Founded in 1890, Asbury College is a Christian liberal arts institution located near Lexington, Ky. The Army has deep interests in Asbury—so vital that the Asbury Salvation Army Student Fellowship is an official part of National Headquarters.

Over the years, some 500 Salvationists have graduated from the college, 250 of whom have become Salvation Army officers. A number of divisional and territorial leaders, three national commanders and a former international leader all attended Asbury College.

At a recent Asbury reunion weekend, Salvationist alumni celebrated these ties. The Army alumni formed band and songster groups and provided music for the weekend’s final worship service. Four former bandmasters, Tom Gabrielson, General Paul Rader (Ret.), Commissioner William Francis and James Curnow, joined current bandmaster Dr. Ronald W. Holz in leading the reunion band.

A common mission
During one alumni meeting, Salvationist and Professor of History, Dr. Edward McKinley, addressed the similarities between Asbury and the Army that have created this vital relationship.

“Both Asbury and the Army have remained faithful to their founding doctrinal positions. Both have remained true to their original mission—a kind of practical godliness—putting the love commandment into action. Finally, both depend upon the fact that God actually calls people to service in these institutions, and that people still hear that call and respond.”

A new goal
The relationship between The Salvation Army and Asbury College may become even stronger. During the reunion, Commissioner John Busby announced the possibility of honoring Commissioner Andrew S. Miller by naming a center after him. If enough money is raised, the new center will be named the Andrew S. Miller Communication Arts Center.

Miller attended Asbury as a student in the 1940s and has served on the Board of Trustees. During his Salvation Army officership, he was appointed to positions in the Eastern, Central and Southern Territories of the U.S., and served as national commander. “He is a quintessential communicator, well known and well loved by many Salvationists and Salvation Army advisory organization members,” said Busby, who is also a former national commander and Asbury College Board of Trustees member.

The communication arts program at Asbury College has seen explosive growth over the last decade.
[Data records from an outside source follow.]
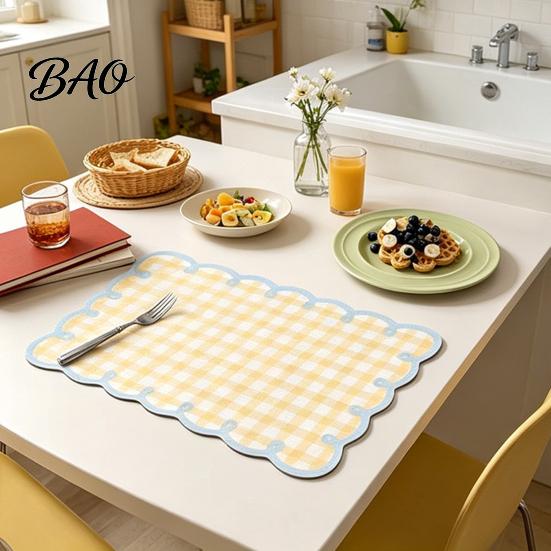 Water Absorbent Dry Mat Diatomite Plaid Placemat with Wavy Edge, Heat Resistant Non-slip Table Mat, Quick Drying for Kitchen Counter
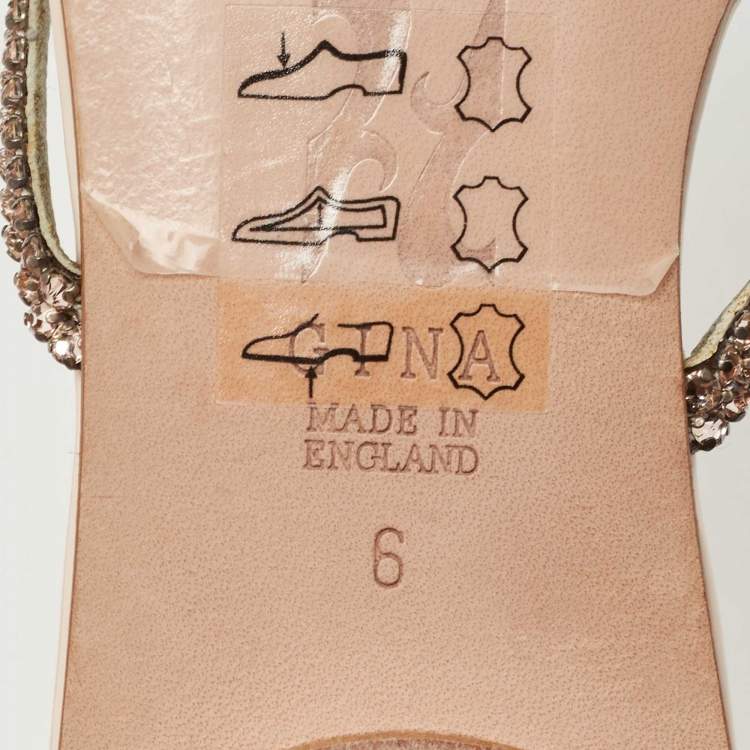 مملوكة مسبقًا Gina Beige Patent Leather Crystal Olson Flat Slides Size 39 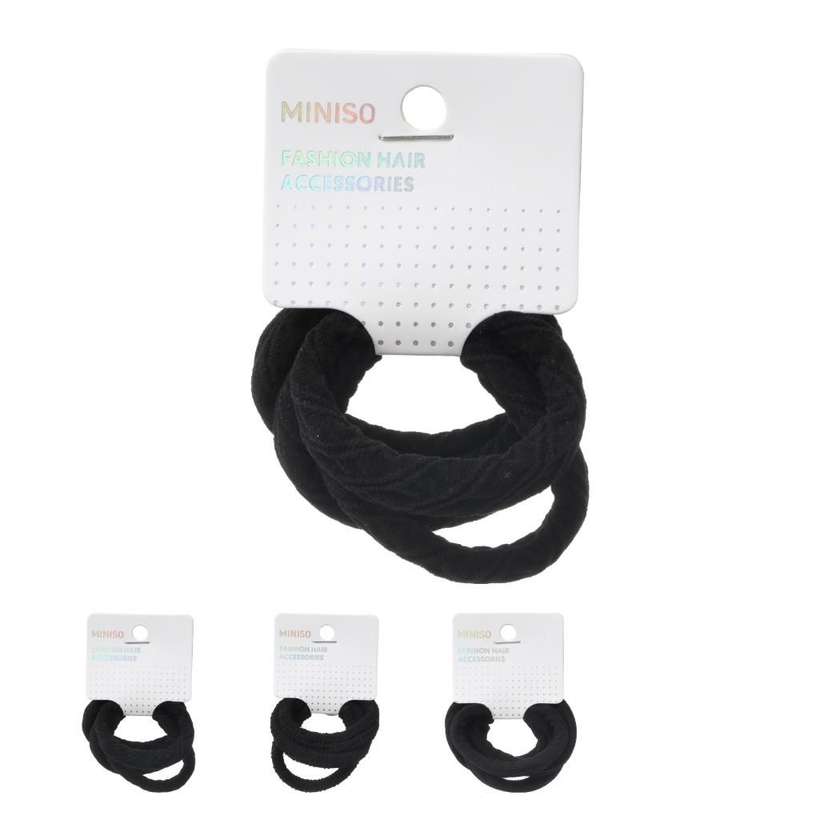 Textured Black Hair Tie (4 pcs)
The college began planning to build a state-of-the-art communication arts center several years ago.

To name the center in honor of Miller, $2.5 million is required. General Paul Rader (Ret.), who also served as president of Asbury, and Busby have led efforts to raise this money.

Approved by all U.S. territories
Along with National Commander Israel S. Gaither, commissioners of all four U.S. territories have approved the idea of honoring Miller in this way. Busby noted, “We don’t want to compete with the Army to raise funds. The approval of the commissioners’ conference reinforced the importance of the link between Asbury and the Army.”

Busby continued, “To date over 90 percent of the funds needed have been realized. We are just $183,000 short of our goal. We hope that other Salvationists and advisory organization members who know Commissioner Miller will want to help make this a reality. Individuals who want further information may contact Busby (

With so many Army leaders—soldiers and officers—who credit Asbury for their spiritual formation and education, the college has had an incalculable impact on the work of The Salvation Army. As those leaders have followed the common mission of both institutions—to go into the entire world and preach the gospel—that impact has increased exponentially.